> _Task goal_:
Starting at the line that contains "this 1270×952 image.", copy every line through the end of the records below exactly as written, leaving out pictures.

> _Records to process_:

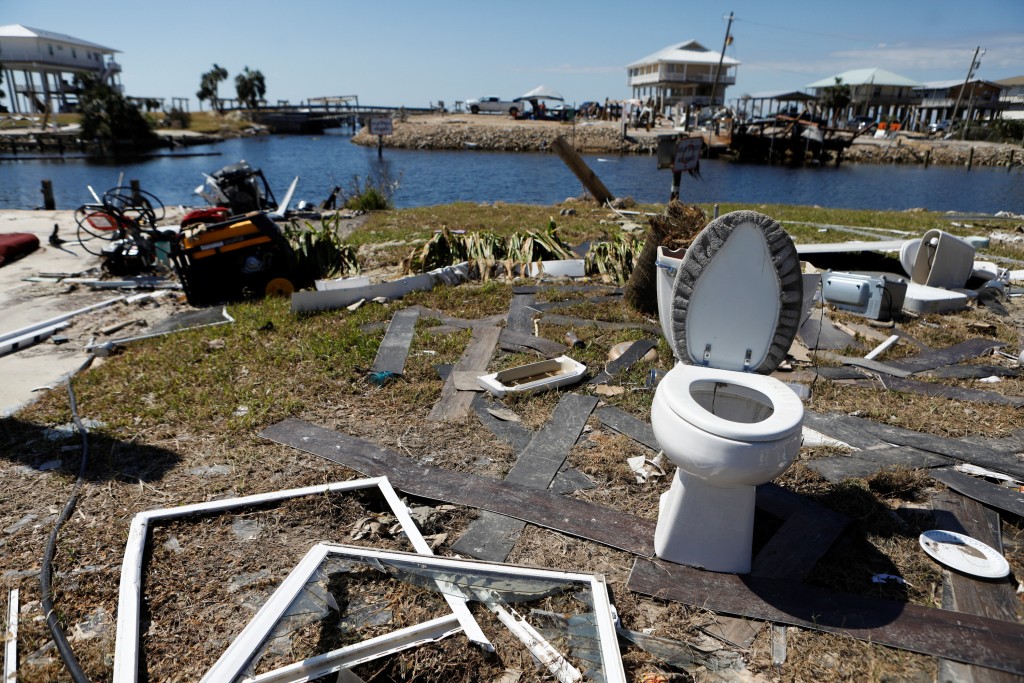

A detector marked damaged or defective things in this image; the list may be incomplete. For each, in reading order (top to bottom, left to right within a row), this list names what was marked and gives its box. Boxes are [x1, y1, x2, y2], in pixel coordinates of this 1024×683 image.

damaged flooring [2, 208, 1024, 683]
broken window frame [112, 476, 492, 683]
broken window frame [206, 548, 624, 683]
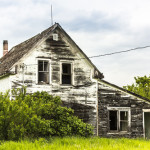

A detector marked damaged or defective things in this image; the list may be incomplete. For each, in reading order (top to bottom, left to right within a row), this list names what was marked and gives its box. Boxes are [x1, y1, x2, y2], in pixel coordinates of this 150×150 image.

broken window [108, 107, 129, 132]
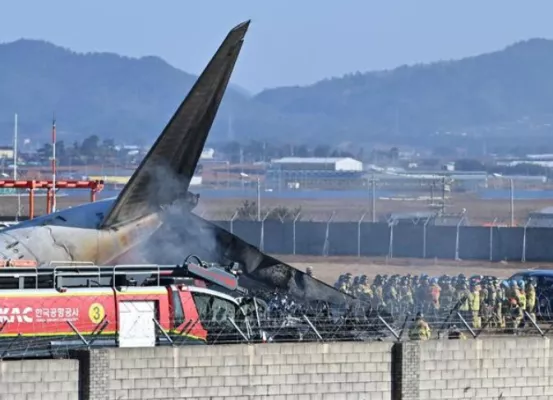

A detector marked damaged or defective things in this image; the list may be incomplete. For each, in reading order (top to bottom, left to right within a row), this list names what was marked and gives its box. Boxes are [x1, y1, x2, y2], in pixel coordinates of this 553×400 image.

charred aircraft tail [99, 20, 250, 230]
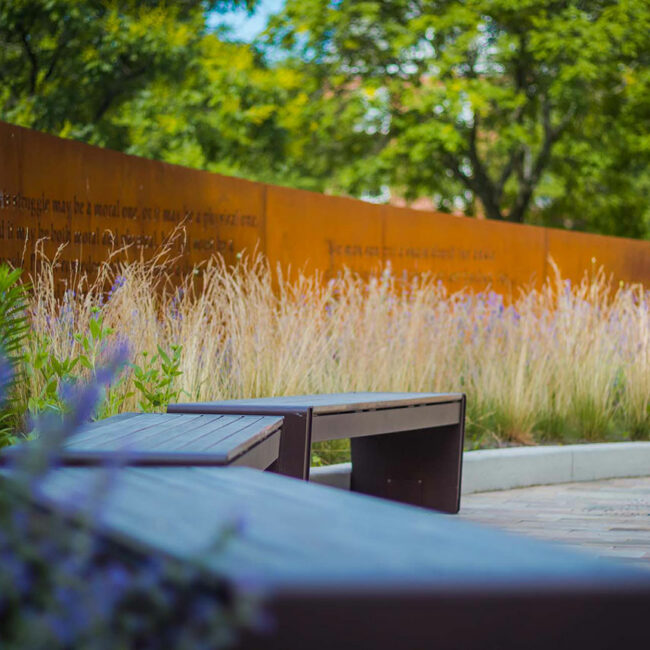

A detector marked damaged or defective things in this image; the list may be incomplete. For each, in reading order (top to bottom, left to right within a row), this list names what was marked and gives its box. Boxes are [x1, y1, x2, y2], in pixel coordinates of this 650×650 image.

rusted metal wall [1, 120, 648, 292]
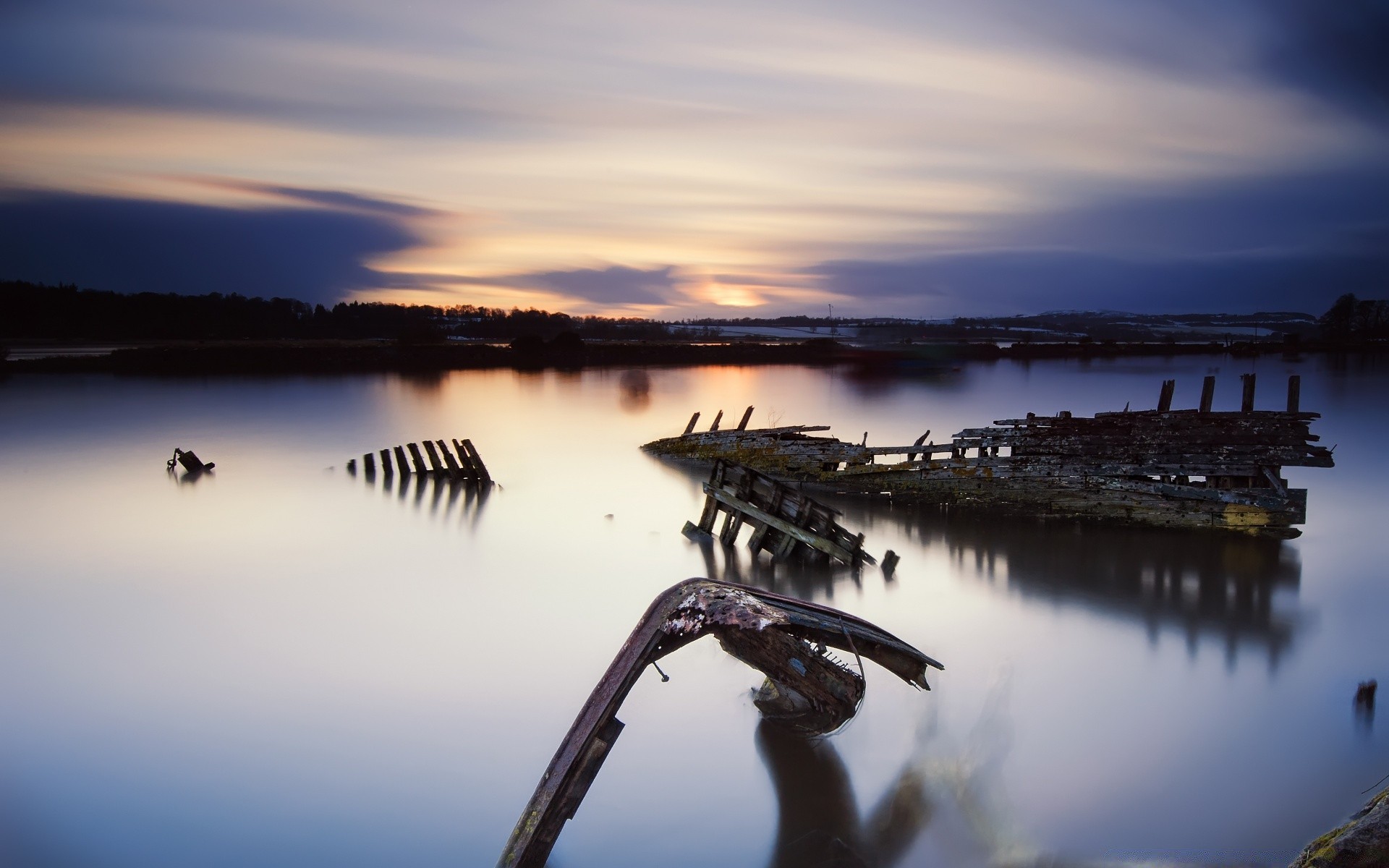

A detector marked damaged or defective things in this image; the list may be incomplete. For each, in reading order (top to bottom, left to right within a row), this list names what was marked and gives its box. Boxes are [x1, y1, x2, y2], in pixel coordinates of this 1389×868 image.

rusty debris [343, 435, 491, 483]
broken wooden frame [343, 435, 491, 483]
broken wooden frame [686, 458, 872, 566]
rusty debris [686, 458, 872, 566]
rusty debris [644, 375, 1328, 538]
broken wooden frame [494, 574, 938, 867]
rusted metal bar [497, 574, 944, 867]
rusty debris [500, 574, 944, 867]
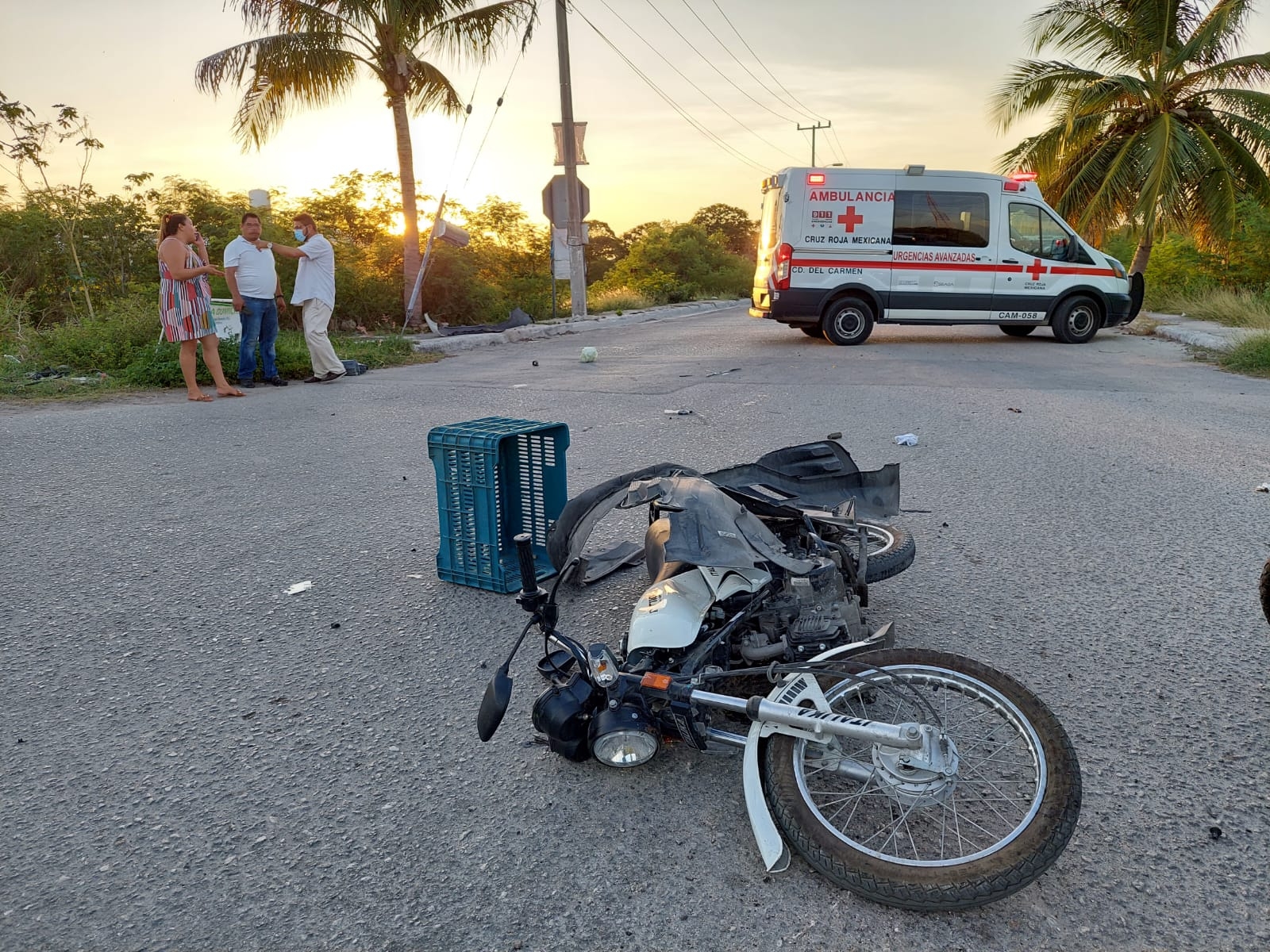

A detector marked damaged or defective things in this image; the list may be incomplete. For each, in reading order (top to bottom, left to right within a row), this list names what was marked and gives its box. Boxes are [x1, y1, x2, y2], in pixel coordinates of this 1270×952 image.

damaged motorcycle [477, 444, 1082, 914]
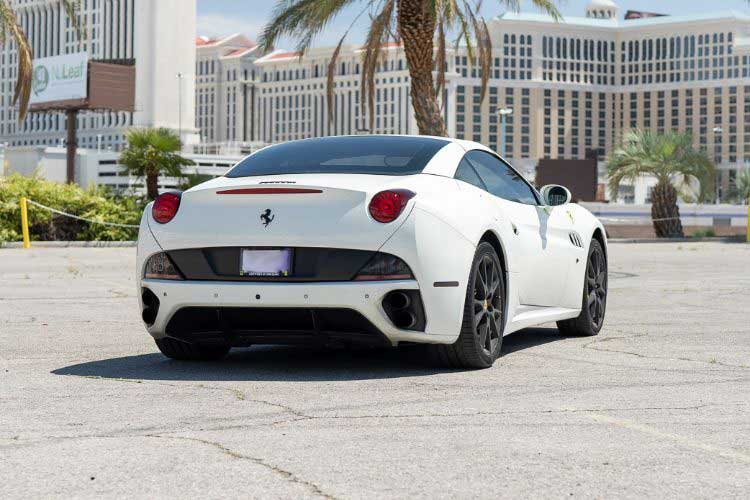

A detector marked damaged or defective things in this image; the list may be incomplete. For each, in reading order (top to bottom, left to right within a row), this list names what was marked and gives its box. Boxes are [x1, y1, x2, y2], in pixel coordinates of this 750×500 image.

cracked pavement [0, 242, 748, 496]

> _Answer space_:
A detector marked damaged or defective things in this image; the list may be incomplete. For each, in reading order (top to bottom, left to right within a row), this list names what was marked and gives its box. Boxes are [x1, y1, x2, y2], in pixel coordinates of this 1270×952 image.

damaged motorcycle [477, 444, 1082, 914]

A detector marked damaged or defective things in this image; the list may be incomplete. For each, in reading order (top to bottom, left to right within a row), this list names what was marked and gives its box. Boxes are [x1, y1, x2, y2], in pixel coordinates of this 750×500 image.

cracked pavement [0, 242, 748, 496]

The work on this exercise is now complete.